--- RECORDS SUPPLIED Enclosed Below ---

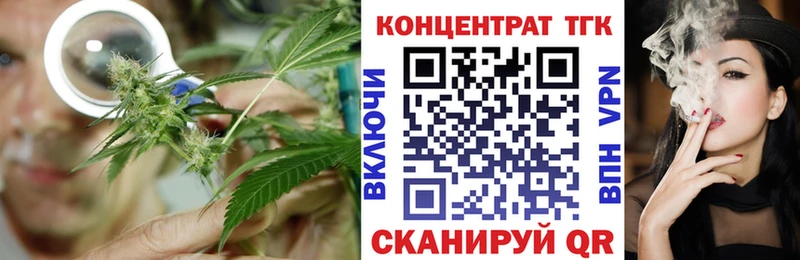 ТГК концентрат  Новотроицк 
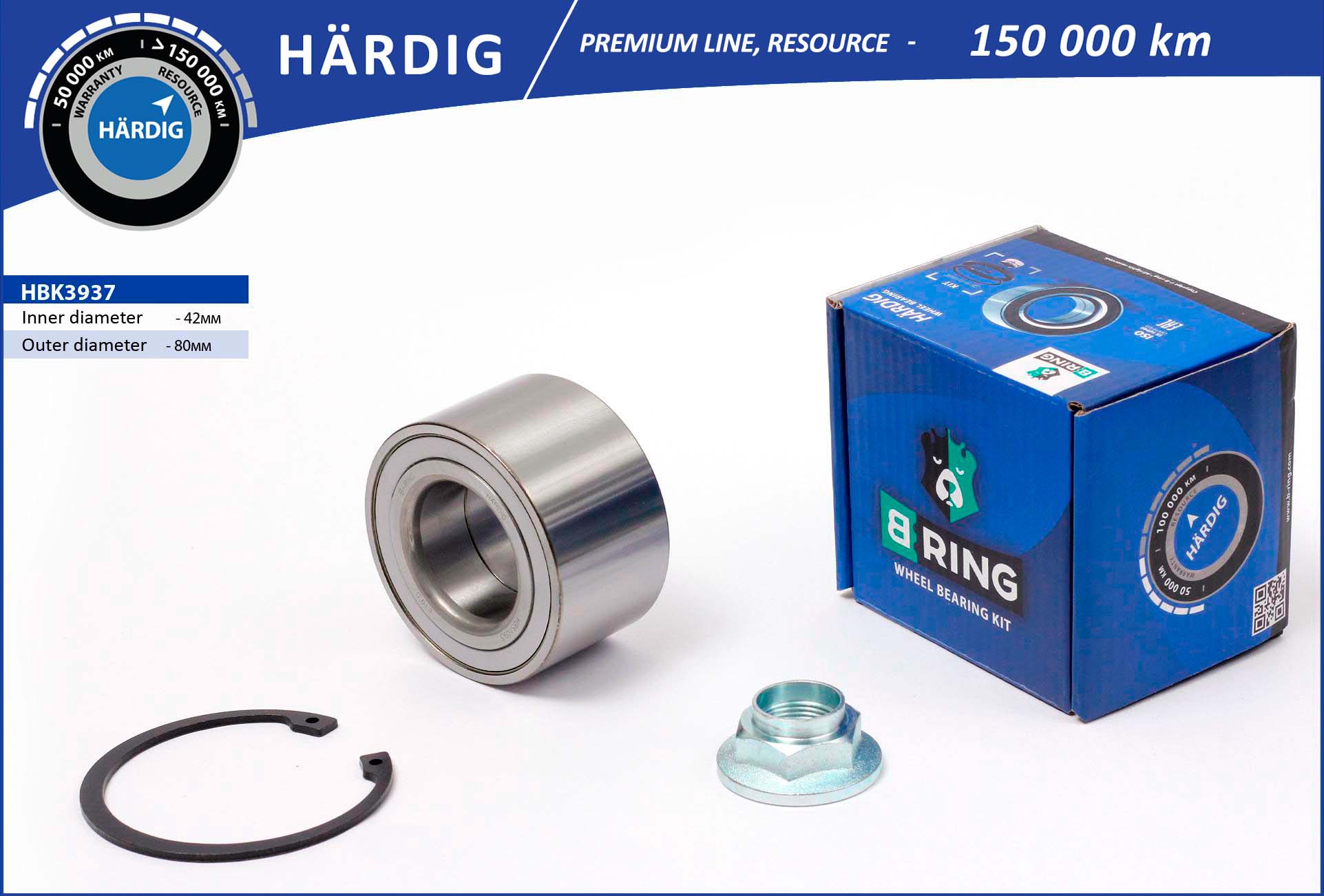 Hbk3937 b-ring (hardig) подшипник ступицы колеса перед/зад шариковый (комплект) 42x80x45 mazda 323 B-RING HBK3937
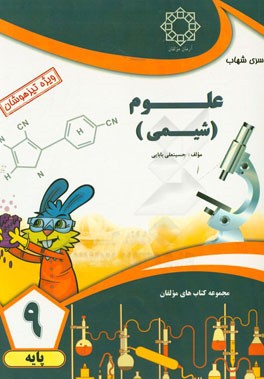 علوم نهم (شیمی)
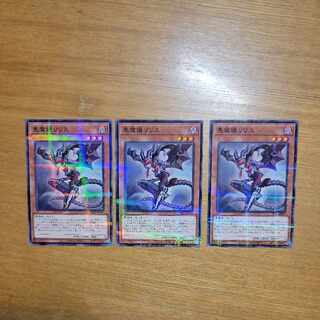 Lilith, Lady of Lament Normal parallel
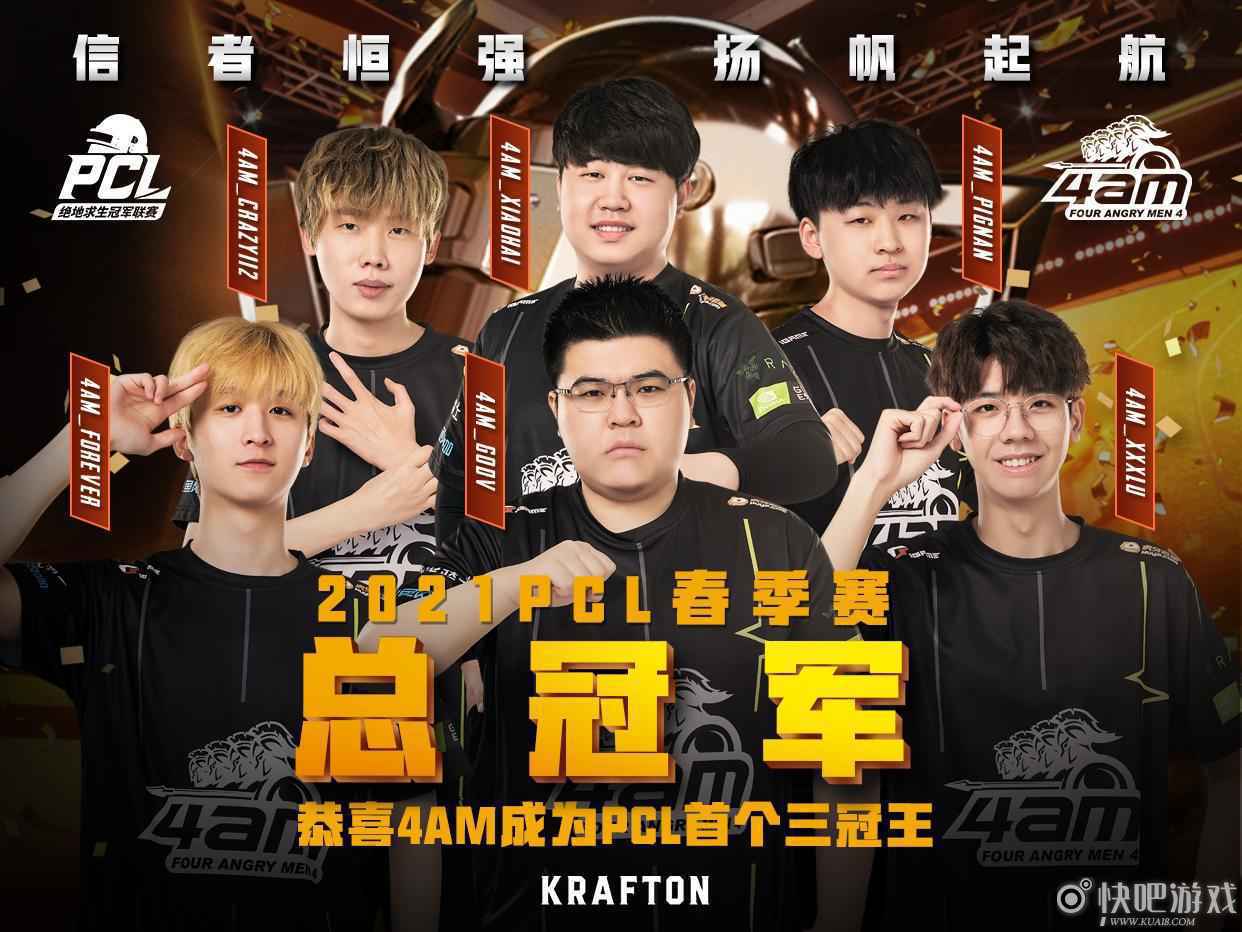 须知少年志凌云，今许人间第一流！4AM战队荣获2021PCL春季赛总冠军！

--- End of Enclosed RECORDS SUPPLIED ---

**ASSIGNMENT**:
Every line between the one containing "Lilith, Lady of Lament Normal parallel" and the last line of the data above, both included, should be copied exactly, but not the pictures.

**SOLUTION TO THIS EXERCISE**:
 Lilith, Lady of Lament Normal parallel
 须知少年志凌云，今许人间第一流！4AM战队荣获2021PCL春季赛总冠军！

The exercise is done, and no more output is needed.